D’AUTRES HISTOIRES D’INSTRUMENTS SE RACONTENT TOUTEFOIS, AU CŒUR D’ATELIERS PRIVÉS, À L’ABRI D’UNE CAVE OU DANS LE RECOIN D’UN APPARTEMENT.

LES ENQUÊTES MENÉES PAR L’ÉQUIPE DU PROJET INSTRUMENTS VOYAGEURS NOUS ONT AINSI PERMIS DE CROISER LA ROUTE D’UN FACTEUR DE DUDUK ARMÉNIEN, D’UN LUTHIER DE KORAS OUEST-AFRICAINES, OU ENCORE DE L’INVENTEUR DE LA VIOLETTE, UNE PETITE VIOLE D’ÉTUDE CONSTRUITE POUR LES ENFANTS. CHACUN ÉTAIT REPRÉSENTÉ AU SEIN DE L’EXPOSITION, ET CHACUN MÉRITERAIT UN CHAPITRE DE CET OUVRAGE.

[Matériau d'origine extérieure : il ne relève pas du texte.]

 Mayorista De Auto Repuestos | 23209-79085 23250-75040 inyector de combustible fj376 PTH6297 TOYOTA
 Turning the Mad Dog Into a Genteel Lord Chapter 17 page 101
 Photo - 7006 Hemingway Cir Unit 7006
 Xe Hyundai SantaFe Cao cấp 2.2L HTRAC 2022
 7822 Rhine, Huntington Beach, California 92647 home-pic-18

ZOOM SUR DEUX HISTOIRES SINGULIÈRES DE FABRICANTS D’INSTRUMENTS VIVANT OU AYANT VÉCU RÉCEMMENT À VILLEURBANNE :

JEAN-LUC PEILHON, JOUEUR ET FACTEUR DE SHAKUHACHI ET HAÏG SARIKOUYOUMDJIAN, JOUEUR ET FACTEUR DE DUDUK.

LE SOUFFLE DU BAMBOU : RENCONTRE AVEC

Un Facteur De Shakuhachi

LAURA JOUVE-VILLARD

Son appartement n’a pas été choisi par hasard, c’est sûr : un calme presque champêtre au cœur de la ville, ce qu’il faut d’humidité dans l’air, un dernier étage pour que les puissantes notes du shakuhachi s’envolent sans troubler le voisinage, et une cave pour faire sécher le bambou6. Sagement alignés, des flûtes japonaises à différents stades de leur fabrication, des kavals d’Europe de l’Est, des clarinettes en bois naturel, des clarinettes basses modernes, des neys turcs. Et enfin, tels de discrets intrus au milieu de cet étrange bosquet, des dizaines d’harmonicas et de guimbardes miroitant sous un soleil automnal.

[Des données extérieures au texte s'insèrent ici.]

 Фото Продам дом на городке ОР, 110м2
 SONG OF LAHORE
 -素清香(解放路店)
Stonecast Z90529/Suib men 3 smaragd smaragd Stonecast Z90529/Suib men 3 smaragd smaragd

Avant de devenir un infaillible chercheur, cueilleur et tailleur d’herbes géantes (car le bambou est une herbacée et non un arbre !), Jean-Luc faisait plutôt vibrer le métal. Né dans une famille de musiciens avec laquelle il monte sur scène dès l’âge de sept ans, il tombe nez à nez, à l’aube de ses dix ans, sur un harmonica abandonné dans une benne à ordures. Déjà grand curieux des instruments à anche, il adopte aussitôt cette petite barrette de métal et sa grille en nid d’abeille qui fait chanter le souffle. L’harmonica est en effet l’un des rares instruments à vent du monde dans lequel on inspire et expire, nous fait-il remarquer.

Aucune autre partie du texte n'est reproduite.